Весь путь Николая Заболоцкого, его жизнь, его творчество свидетельствуют о великой трагедии современности — трагедии человекобога, демиурга, фаустианца, который, отринув христианские ценности, увлекся невероятными фантастическими переустройствами на земле, каковые могут осуществляться в действительности только через принуждение. Однако безупречная нравственная чистота не позволяет поэту отвергнуть категорию свободы как основу человеческого бытия, противодействуя его рационалистическим поискам.
Натурфилософская лирика Заболоцкого обнаруживает свою подлинную ценность, когда зиждется на созерцательной, почти мистической философии, одухотворяющей природу. Милая его сердцу идея обращения содержит в себе почти похожее разрешение проблемы бессмертия, что и христианская идея преображения и воскресения. Поэт увековечивает сознание как высшую форму «таинственной» материи, о чем исповедуется в письме к Константину Циолковскому: «Личное бессмертие возможно только в одной организации. Не бессмертны ни человек, ни атом, ни электрон. Бессмертна и все более блаженна лишь материя — тот таинственный материал, который мы никак не можем уловить в его окончательном и простейшем виде». Еще чуть-чуть, и поэт заговорит о Фаворском свете, о чудесных потоках божественной энергии, пронизывающих сущее. Он близок к идее надмирного, когда размышляет «о блаженстве не нас самих, а о блаженстве нашего материала в других, более совершенных организациях».
К концу жизни Николай Заболоцкий подытоживает свои размышления: «Человек и природа — это единство, и говорить всерьез о каком-то покорении природы может только круглый дуралей и дуалист. Как могу я, человек, покорять природу, если сам я есть не что иное, как ее разум, ее мысль? В нашем быту это выражение „покорение природы“ существует лишь как рабочий термин, унаследованный из языка дикарей. Энгельс, Вернадский, Циолковский хорошо разъяснили нам подлинную суть этого явления».
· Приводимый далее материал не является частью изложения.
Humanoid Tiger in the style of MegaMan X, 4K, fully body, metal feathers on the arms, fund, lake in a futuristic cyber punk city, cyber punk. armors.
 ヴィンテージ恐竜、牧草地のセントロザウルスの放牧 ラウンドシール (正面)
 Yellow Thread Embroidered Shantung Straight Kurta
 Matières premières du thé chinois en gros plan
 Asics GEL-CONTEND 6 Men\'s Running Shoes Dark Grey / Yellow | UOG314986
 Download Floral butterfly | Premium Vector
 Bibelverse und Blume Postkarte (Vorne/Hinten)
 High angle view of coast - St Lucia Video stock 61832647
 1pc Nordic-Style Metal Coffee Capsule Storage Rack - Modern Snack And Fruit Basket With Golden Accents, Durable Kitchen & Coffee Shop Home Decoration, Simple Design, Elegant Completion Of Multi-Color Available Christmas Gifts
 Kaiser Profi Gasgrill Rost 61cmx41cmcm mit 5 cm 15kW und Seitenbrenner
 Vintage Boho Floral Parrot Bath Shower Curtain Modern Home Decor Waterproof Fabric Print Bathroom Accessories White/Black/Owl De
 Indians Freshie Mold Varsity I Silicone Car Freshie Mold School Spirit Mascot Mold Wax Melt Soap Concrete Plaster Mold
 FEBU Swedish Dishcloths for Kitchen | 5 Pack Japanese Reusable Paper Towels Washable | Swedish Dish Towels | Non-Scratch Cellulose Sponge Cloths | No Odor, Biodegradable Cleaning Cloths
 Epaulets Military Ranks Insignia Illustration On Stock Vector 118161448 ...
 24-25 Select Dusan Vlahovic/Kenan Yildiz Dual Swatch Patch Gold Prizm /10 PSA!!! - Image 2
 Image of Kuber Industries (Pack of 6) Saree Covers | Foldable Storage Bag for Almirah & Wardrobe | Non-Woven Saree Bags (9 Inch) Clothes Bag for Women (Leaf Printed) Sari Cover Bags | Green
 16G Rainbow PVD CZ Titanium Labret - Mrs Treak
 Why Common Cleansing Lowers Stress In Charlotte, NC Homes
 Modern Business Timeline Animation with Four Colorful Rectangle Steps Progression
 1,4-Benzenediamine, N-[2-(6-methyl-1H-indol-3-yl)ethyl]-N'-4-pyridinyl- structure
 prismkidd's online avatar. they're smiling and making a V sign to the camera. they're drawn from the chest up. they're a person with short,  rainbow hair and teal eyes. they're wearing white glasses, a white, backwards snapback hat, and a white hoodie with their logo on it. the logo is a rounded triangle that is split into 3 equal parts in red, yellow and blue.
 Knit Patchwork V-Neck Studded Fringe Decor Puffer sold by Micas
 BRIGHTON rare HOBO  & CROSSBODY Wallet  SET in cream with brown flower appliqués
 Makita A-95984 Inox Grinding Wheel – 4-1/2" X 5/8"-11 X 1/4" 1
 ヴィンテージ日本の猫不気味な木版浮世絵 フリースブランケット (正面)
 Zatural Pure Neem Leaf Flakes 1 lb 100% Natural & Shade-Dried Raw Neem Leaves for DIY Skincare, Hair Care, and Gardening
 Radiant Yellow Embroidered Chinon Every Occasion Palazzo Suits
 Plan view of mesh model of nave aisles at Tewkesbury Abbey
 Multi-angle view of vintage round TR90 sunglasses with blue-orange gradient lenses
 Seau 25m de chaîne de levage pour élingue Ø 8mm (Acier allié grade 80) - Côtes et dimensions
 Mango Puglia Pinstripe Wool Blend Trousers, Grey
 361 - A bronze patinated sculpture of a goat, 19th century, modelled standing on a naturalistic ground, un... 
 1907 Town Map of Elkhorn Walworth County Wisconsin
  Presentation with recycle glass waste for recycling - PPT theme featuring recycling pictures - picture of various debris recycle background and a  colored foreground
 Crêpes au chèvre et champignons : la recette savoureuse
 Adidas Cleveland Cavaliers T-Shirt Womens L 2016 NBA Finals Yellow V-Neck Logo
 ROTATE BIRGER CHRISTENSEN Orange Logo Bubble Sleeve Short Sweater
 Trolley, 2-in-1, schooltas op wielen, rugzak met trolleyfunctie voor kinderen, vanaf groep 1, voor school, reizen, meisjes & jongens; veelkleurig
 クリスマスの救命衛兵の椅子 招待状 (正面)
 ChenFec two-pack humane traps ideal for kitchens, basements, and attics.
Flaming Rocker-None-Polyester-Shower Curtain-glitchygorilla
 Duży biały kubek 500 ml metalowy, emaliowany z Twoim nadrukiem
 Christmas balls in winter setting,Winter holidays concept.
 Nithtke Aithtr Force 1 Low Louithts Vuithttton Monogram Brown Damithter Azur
Те же великие первопроходцы научного естествознания остаются кумирами поэта. Но уже нет жгучего желания переделки мира и человека. Есть лишь грустное чувство экклезиастической мудрости. Кажется, вот-вот рухнет матовый купол Гете, и поэт увидит ангелов, увидит Бога. Перед смертью Заболоцкий мечтает сотворить поэму «Поклонение волхвов» и набрасывает план будущего произведения, где действуют пастухи, животные, ангелы — те, кто окружает Христа в первые дни Пришествия. Тема поклонения волхвов есть тема отрешения от безверия, тема покаяния, тема приятия Бога, и умирающий Заболоцкий обдумывает ее перед уходом в мир иной. «Хочется верить, — пишет сын поэта, — что не случайно провидение остановило его руку после последнего умиротворяющего слова — ангелы».
Николай Олейников, примыкавший к «Объединению реального искусства», обвиняется современниками в тех же «грехах», что и Николай Заболоцкий. По мнению Анны Ахматовой, этот иронический поэт «пишет, как капитан Лебядкин». Впрочем, литературовед Лидия Гинзбург подмечает, что «вкус Анны Андреевны имеет своим пределом Мандельштама, Пастернака. Обэриуты уже за пределом. Она думает, что Олейников — шутка, что вообще так шутят».
Действительно, предтечами Олейникова исследователи называют литераторов сатирической традиции (Иван Мятлев, Козьма Прутков, Аркадий Бухов, Саша Черный). Они обнаруживают в олейниковских стихах точки соприкосновения с «инфантильной» стилистикой Велимира Хлебникова, Александра Введенского и Даниила Хармса. Находят в них интонационные перепевы поэзии Николая Заболоцкого. Устанавливают определенные аллюзии на произведения Гете, Державина, Маяковского. Вместе с тем, пытаются доказать, что «Олейников и Достоевский не связаны влиянием, а лишь отражают особенности любительского сочинительства, его особую, только воспроизведенную Достоевским, поэтику» (Софья Полякова).
Нередко повод к такому критическому толкованию дает и сам Николай Олейников, который то именует себя «внуком Козьмы Пруткова», то иронизирует: «не может быть, чтобы я был поэтом в самом деле. Я редко пишу. А все хорошие писатели графоманы. Вероятно — я математик». Действительно, современники подтверждают, что Николай Олейников серьезно занимался математическими исследованиями. Как сообщает сын поэта, он даже «готовил к печати результаты своих работ в области теории чисел», однако рукописи оказались утерянными, публикации не состоялись. Поэтому судить о глубине научных изысканий поэта позволяет только его творчество.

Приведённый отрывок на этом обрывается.